# Mapping

Using the [DwC-A_dotnet.Mapping](https://www.nuget.org/packages/DwC-A_dotnet.Mapping/) library we can map data from a [DwC-A_dotnet](https://www.nuget.org/packages/DwC-A_dotnet/) IRow to a strongly typed class.  There are two different approaches to mapping data

1. Using the dwca-codegen magic command to generate a class and mapping method from archive metadata.  This requires the least code and is more interactive but can run into more issues.
1. Manually create a class definition and mapping method.  This gives the most control over mapping but requires more effort. 

In [None]:
#r "nuget:DwC-A_dotnet.Interactive,0.1.9-Pre"
#r "nuget:DwC-A_dotnet.Mapping,0.6.3"
#r "nuget:Microsoft.ML"

## Using The dwca-codegen Magic Command

First, we will map using the dwca-codegen magic command.

### Create Configuration

This step is optional but gives more control over how classes are generated and mapped.  If this step is left out all properties will be mapped as string type.

Use the GeneratorConfigurationBuilder to create a configuration to influence how the dwca-codegen command generates the class to be mapped for each file in the archive.

Use the AppProperty method to define the properties that will be added to the generated classes and how they will be mapped to specific terms.  Use the wildcard term __*__ to determine whether properties will be created for all other undefined terms and mapped.

The WithMapMethod creates a static method on the type called MapRow that will be used to map an IRow row to an instance of the generated class.

In [None]:
using DwC_A.Interactive.Mapping;
using DwC_A.Terms;

var config = new GeneratorConfigurationBuilder()
.AddProperty("*", "string", true)
.AddProperty(Terms.decimalLatitude, "double", true, "Latitude")
.AddProperty(Terms.decimalLongitude, "double", true, "Longitude")
.AddProperty(Terms.dateIdentified, "DateTime")
.WithMapMethod(true)
.Build();

config

### dwca-codegen

Use the dwca-codegen command to examine the archive and generate classes to map data into.  The --configName option can be used to specify the name of the variable that contains the configuration information we created earlier. 

In [None]:
#!dwca-codegen -h
#!dwca-codegen -c config ./data/Papilionidae.zip

## Create Mapper

Now that we have class definitions and a mapping method we can define a mapper as follows.

In [None]:
using DwC_A.Mapping;

var mapper = MapperFactory.CreateMapper<Occurrence>(Occurrence.MapRow);


## Map Archive

Finally, we can open the archive and query rows that we can map using the mapper.

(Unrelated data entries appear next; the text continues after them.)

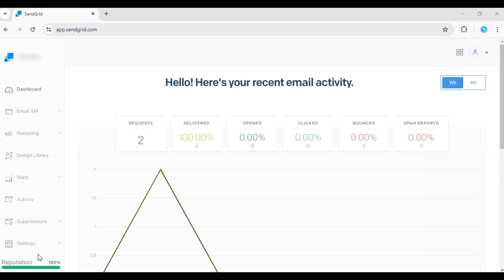Hey there! In this video, I'll show you how to use custom fields in SendGrid, specifically for personalizing your emails with your contact's first name.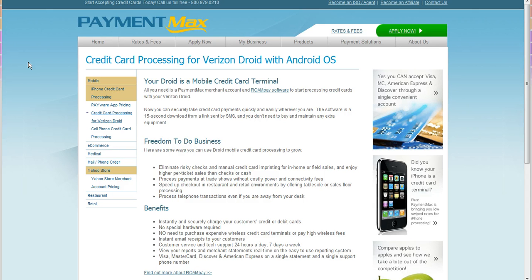But to answer the big question right now: how do I process credit cards on my Droid? Simply, you download the app from the market. It's called ROAM, and it's a couple dollars. You download it, and once you download it, it's going to ask you for an activation link.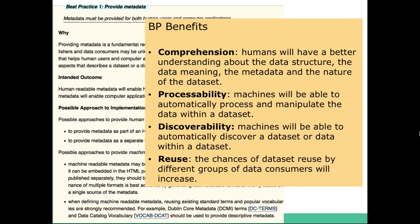The first benefit is comprehension, where humans will have a better understanding about the data structure and the data meaning, as well as the dataset and its nature. Not only humans will benefit from comprehension, but also machines — because all the metadata we publish on the web should be both human-readable and machine-readable. The processability benefit is where machines will be able to automatically process and manipulate the data within a dataset. If the data I publish is structured in a way that facilitates machine processing, we can reach the benefit of processability.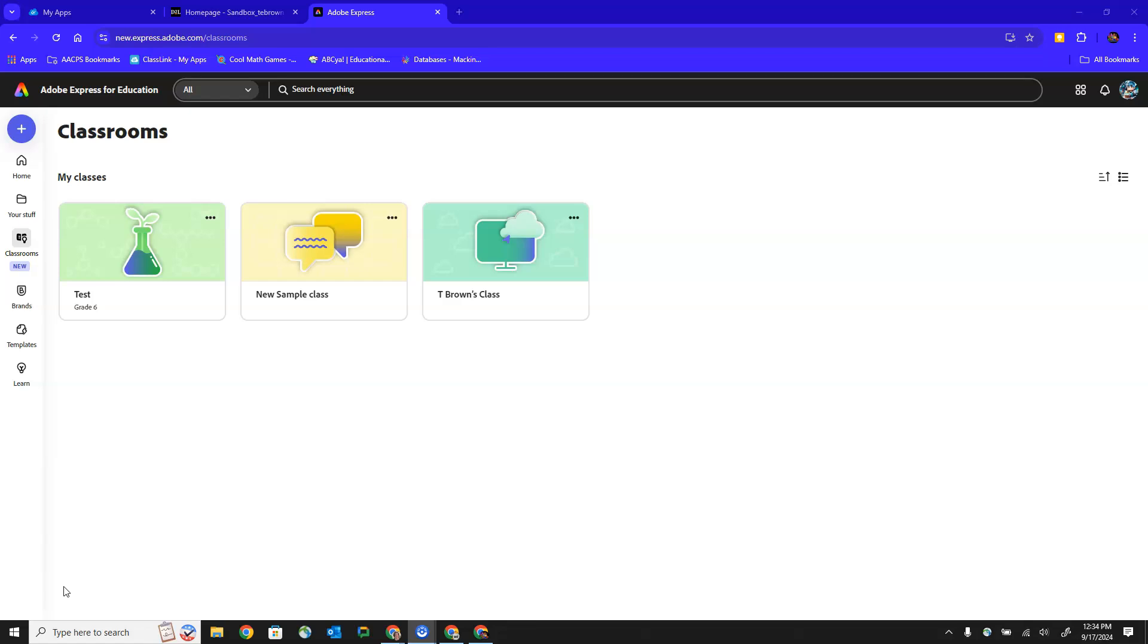In this video we're going to focus largely on the student view. What it looks like for a student to join a teacher's class and then what it looks like for them to access,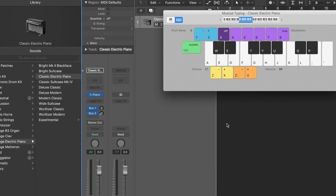MIDI keyboards can be pricey, but this is why I'm going to show you what to do if you don't have access to one of these handy yet pricey tools. For this video I'll be using Logic Pro 10.4.1. The first thing that will pop up in your new project if you don't have a MIDI keyboard already plugged in is a musical typing keyboard that is triggered by your computer keyboard.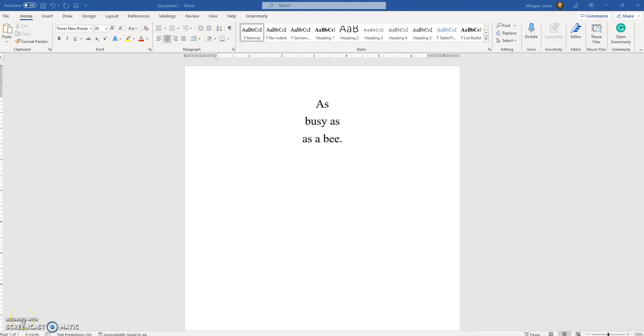Hello and welcome to this video that shows you a really cool feature on Microsoft Word that is a great tool when it comes to helping you write and revise.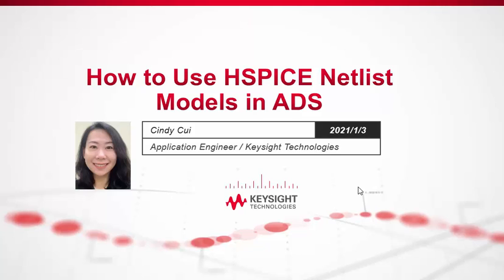Hi, my name is Cindy Cui. I'm the application engineer at Keysight Technology. Today we are going to demonstrate how to import and use HSPICE netlist models in ADS. ADS has full compatibility with HSPICE netlist, which means designers could import and use HSPICE netlist or models in ADS directly.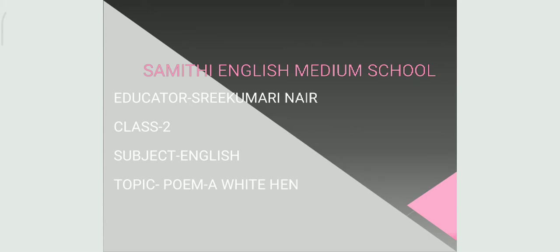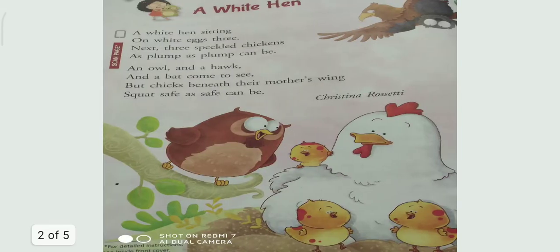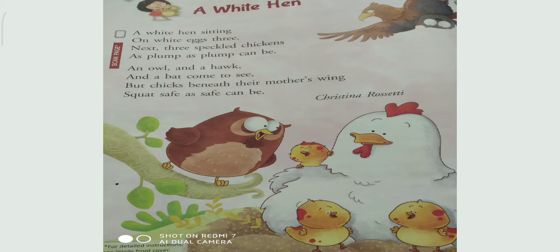Hi learners, today we will do revision of poem and textual exercise. A hen sitting on eggs takes three speckled chickens as plump as plump can be. An owl and a hawk and a bird come to see, but chicks beneath their mother's wing squat safe as safe can be.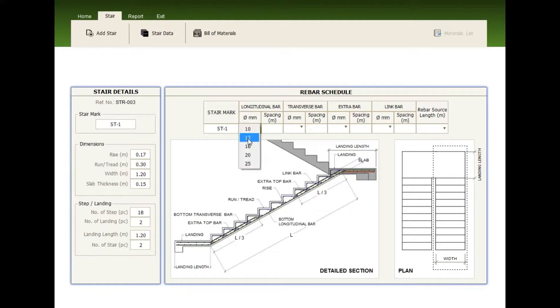Now, the extra bar size, the spacing, the link bar size, the spacing, and the source length.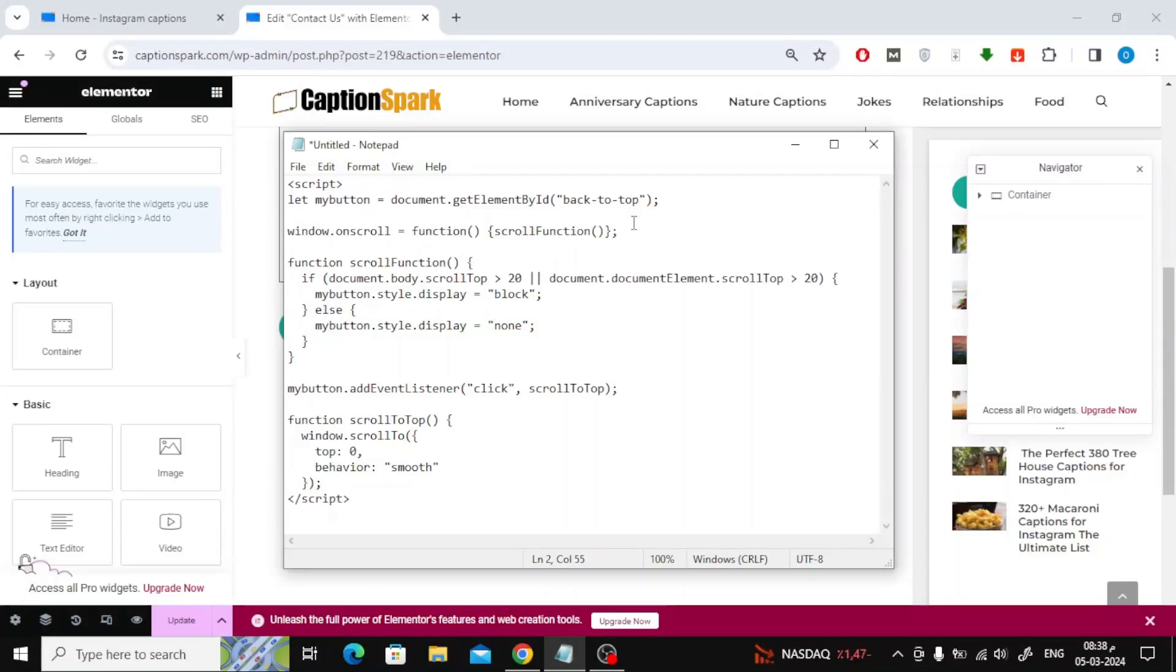In this video we will explain how to add JavaScript code in Elementor. Here I have JavaScript code that I want to add to the Elementor in my website. This code moves the page up when you press the button with mouse.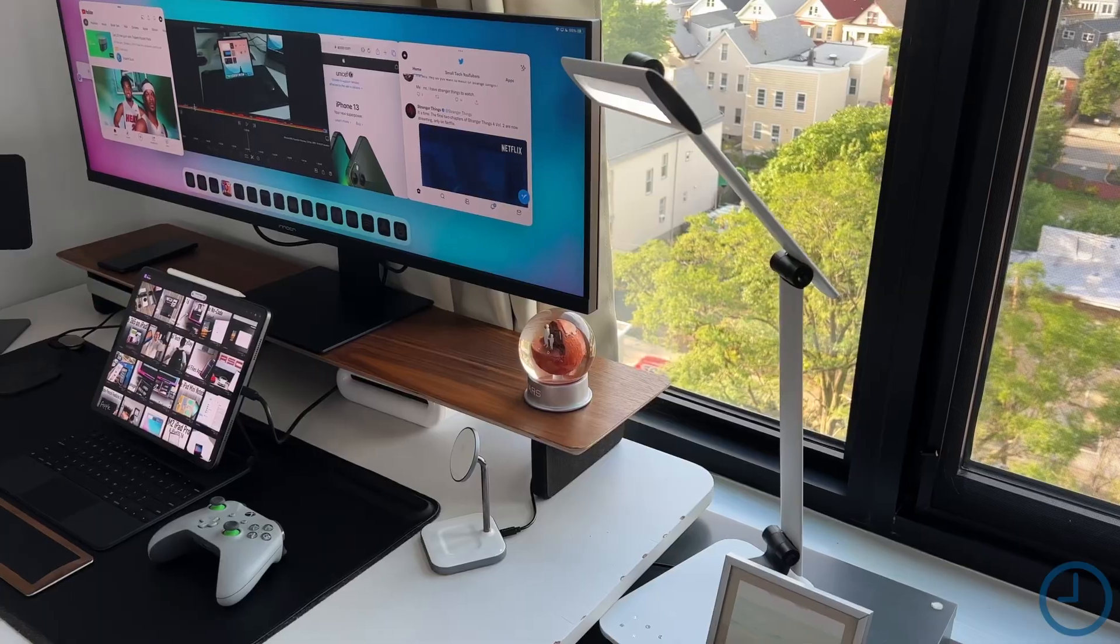iPadOS 16 has been out for developers to try for about a month now. If you use your iPad as your main computer, Stage Manager is a feature we've been wanting since 2019 when Apple split up iOS and iPadOS.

**Hint:** Use the Greedy RowStrategy for better performance when mapping the entire class.

There are three different Map extensions for the IFileReader and IRow interfaces returned by the ArchiveReader.

In [None]:
using DwC_A;
using DwC_A.Factories;
using DwC_A.Config;

var factory = new DefaultFactory((cfg) => {
    cfg.Add<RowFactoryConfiguration>(c => c.Strategy = RowStrategy.Greedy);
});

var archive = new ArchiveReader("./data/Papilionidae.zip", factory);

var occurrences = archive.CoreFile
    .DataRows
    .Where(row => row[Terms.decimalLatitude] != null)
    .Where(row => row[Terms.dateIdentified] != null)
    .Map<Occurrence>(mapper);

occurrences.Select(o => new {
    o.ScientificName,
    o.Latitude,
    o.Longitude,
    o.DateIdentified
})

## Manual Mapping

If you already have a class definition or want to create the class definition by hand then use this method.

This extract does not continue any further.